Michael's Description Logic Reasoner Framework

About

Another piece of Common Lisp & CLIM (Common Lisp Interface Manager) legacy software from my quarter century-old Lisp archive :-) It still works flawlessly in 2021. Tested with LispWorks 6.1 & CLIM, on Ubuntu Xenial, 32bit Motif port. Not sure about Windows. MiDeLoRa was written between 2003 and 2005.

Note that CLIM is not required, but if you have it, it will give you some additional graphical tools, i.e., a taxonomy browser and ABox visualizer. See (require "clim") in the midelora-sysdcl.lisp.

MiDeLoRa is a framework and DSL (= Domain Specific Language, aka a set of Common Lisp macros ;-)) for constructing Description Logic Reasoners. It also comes with a number of reasoners for standard DLs (see ls alc* files in the ./src/midelora/prover/ subdirectory). MiDeLoRa was part of my PhD thesis work.

Here is a short paper detailing the main ideas behind MiDeLoRa. Full details can be found in my PhD thesis from 2005.

How does the DSL, uhmm Common Lisp maro language look like? Here is an example of a prototypical ALCH DL prover, written in MiDeLoRa's DSL:

(define-prover ((abox-sat alch abox))
  (:init 

   (cond ((zerop (1- (no-of-nodes abox)))

          (loop-over-abox-nodes (node abox)
            (register-label-is-stable abox node))

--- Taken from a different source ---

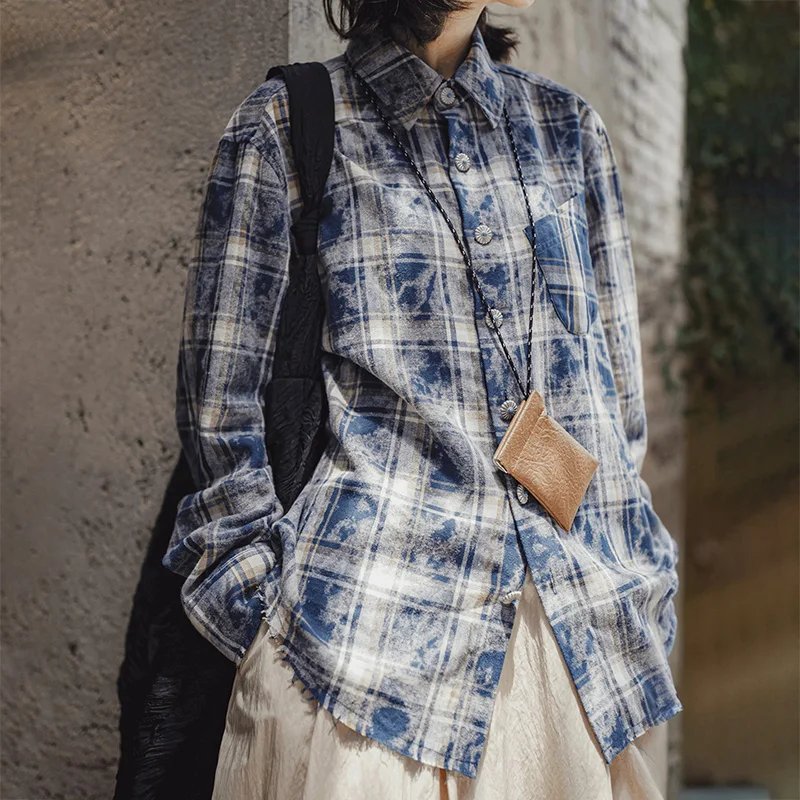 Chic Women's Flannel Shirt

          (with-strategy (+strategy+)
            (start-main)))

         (t 

          (perform (initial-abox-saturation)
            (:body
             (with-strategy (+abox-saturation-strategy+)
               (loop-over-abox-nodes (node abox)
                 (register-label-is-stable abox node))
               (perform (model-merging)
                 (:body
                  (start-main)))))))))

  (:main 
   (perform (deterministic-expansion)
     (:body 
      (if clashes 
          (handle-clashes)
        (perform (or-expansion)
          (:positive 
           (if clashes 
               (handle-clashes)           
             (restart-main)))
          (:negative 
           (perform (make-models-for-nodes)
             (:body 
              (perform (some-expansion)
                (:positive
                 (if clashes
                     (handle-clashes)
                   (perform (model-merging :node new-node)
                     (:body 
                      (next-round)))))
                (:negative 
                 (perform (make-models-for-old-nodes)
                   (:body 
                    (success)))))))))))))

  (:success    
   (completion-found)))

I would consider MiDeLoRa a partial success only. One of the ideas behind it was to make it fully object-oriented, i.e., everything was a CLOS instance: Tableaux nodes and edges, node and edge labels - everything. The memory (heap) footprint was rather large. Given that these (large) CLOS objects were destructively modified during the Tableaux expansion / reasoning process, which sometimes required backtracking, a rollback history of each Tableaux operations needed to be kept. In case backtracking was required, this history was then used to revert and undo the operations and restore the object to its previous state. A very expensive way of implementing backtracking search.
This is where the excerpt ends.